NotMid 10/12/2025
EUROPA
La democracia venezolana tuvo su momento más brillante y emotivo en el Ayuntamiento de Oslo. Aunque la galardonada, María Corina Machado, no pudo llegar a tiempo a la capital noruega, su voz —firme, esperanzadora y combativa— resonó a través de su hija, Ana Corina Sosa, quien leyó el discurso de aceptación del Premio Nobel de la Paz 2025.
Tras 16 meses en la clandestinidad forzada, Machado, mediante su hija, envió un mensaje cargado de fe y un compromiso inquebrantable: “Si queremos tener democracia, debemos estar dispuestos a luchar por la libertad”. Ana Corina Sosa, visiblemente emocionada, confirmó el inminente reencuentro con su madre en Oslo, un gesto que subraya la promesa de la líder de regresar a su país.
Una Lección Forjada en el Sacrificio
En su discurso, Machado hizo un recorrido desde el intento del régimen chavista por dividir y “asfixiar” a los venezolanos, hasta la gesta cívica del 28 de julio de 2024. Resaltó el esfuerzo de los 600.000 voluntarios y el triunfo demostrado de Edmundo González Urrutia con casi el 70% de los votos, logrado mediante una organización innovadora que incluyó el uso de tecnologías como Starlink y computadoras ocultas.
El premio, según la galardonada, tiene un significado claro para el mundo: “La democracia es esencial para la paz”. Además, destacó que desde la represión post-electoral, se han construido nuevas redes de “desobediencia disciplinada” que preparan al país para una “transición ordenada”.

El Comité Nobel Señala a Maduro: “Acepte el Resultado y Dimita”
La ceremonia estuvo marcada por la dureza de las palabras del presidente del Comité Noruego del Nobel, Jørgen Watne Frydnes.
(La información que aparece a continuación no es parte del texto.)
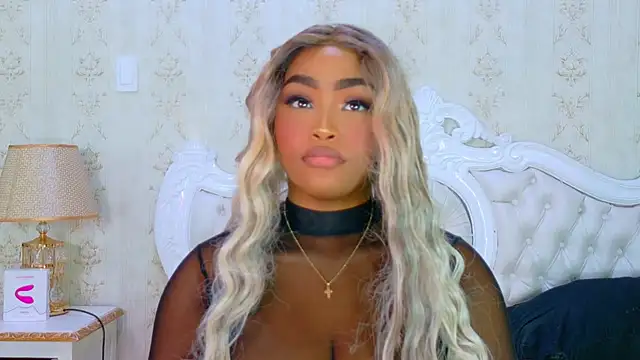 TianahGlow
Tras una emotiva inauguración musical a cargo del venezolano Danny Ocean, Frydnes denunció los miles de casos de represión del régimen de Nicolás Maduro, incluyendo la tortura de más de 200 menores tras las elecciones.
El presidente del Comité hizo un llamamiento directo al líder chavista: “Señor Maduro, acepte el resultado de las elecciones y dimita”.
Frydnes justificó el Nobel a Machado por su labor incansable y pacífica, y por cumplir con los criterios esenciales del premio: lograr la unión de movimientos políticos, oponerse a la militarización y representar la voluntad nacional de la democracia, que calificó como “el camino más seguro hacia una paz duradera”. También criticó duramente a la comunidad internacional que ha dado la espalda a Venezuela, cediendo a la “propaganda estratégica de un dictador”.

El rey de Noruega y su familia presentes en el acto (Captura de video)
Un Futuro de Regresos y Reencuentros
El evento culminó con Ana Corina Sosa recogiendo la medalla de oro y el diploma, ante una ovación de pie que incluyó a los reyes de Noruega.
El mensaje final de Machado fue uno de optimismo radiante para sus compatriotas. Prometió que “Venezuela volverá a respirar”, se abrirán las cárceles y, más conmovedor aún, prometió estar de vuelta en el puente Simón Bolívar, en la frontera con Colombia, no para ver partir a sus hermanos, sino para “recibirlos de vuelta a la vida luminosa que nos espera”. A ellos, a los millones de venezolanos anónimos que arriesgaron todo por amor, les dedicó este honor y “el futuro”.